Myxoedema coma is a severe form of hypothyroidism with multiple organ dysfunction, characterised by an altered state of consciousness and hypothermia. Intravenous thyroid hormone replacement therapy is the preferred treatment for myxoedema. The mortality rate associated with this disease is high, and early detection and intervention are essential. Supraglottal myxoedema is a rare form of periglottic oedema and can be fatal. A previously healthy 66-year-old man presented with impaired consciousness, hypothermia, and nonpitting oedema. Blood tests revealed the presence of hypothyroidism and respiratory acidosis. He was intubated for type 2 respiratory failure; however, severe laryngeal oedema made the procedure difficult to perform. Oral thyroid hormone therapy was initiated under the diagnosis of myxoedema coma. Tracheostomy was performed because of prolonged type 2 respiratory failure and laryngeal oedema.
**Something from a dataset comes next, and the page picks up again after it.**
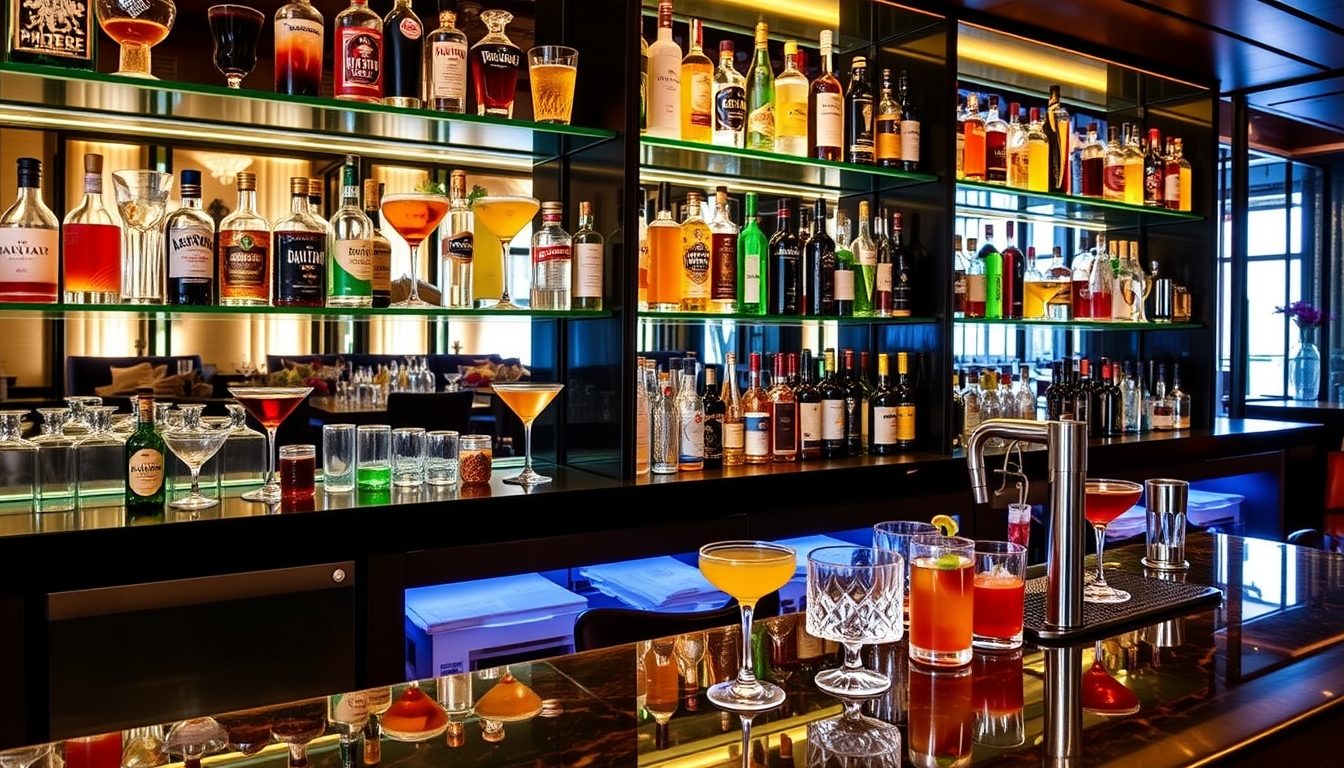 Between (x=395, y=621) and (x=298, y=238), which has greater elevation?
(x=298, y=238)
Three weeks after admission, the patient was weaned off the ventilator. Approximately a week later, laryngeal oedema improved, and the tracheostomy tube was removed. The patient was discharged and remained stable for 3 months. This case report describes a patient with comatose myxoedema and supraglottic oedema who was successfully treated with oral medication alone. This case shows that supraglottic oedema should be considered even in the absence of wheezing or other signs of upper airway obstruction.

Learning points

  • Myxoedema coma is a differential diagnosis of respiratory acidosis.

  • In myxoedematous coma, the possibility of difficult intubation due to supraglottic oedema should be considered.

  • Tracheostomy should be considered for supraglottic myxoedema, which often results in prolonged ventilator use.

  • Supraglottic myxoedema can be treated with oral medications.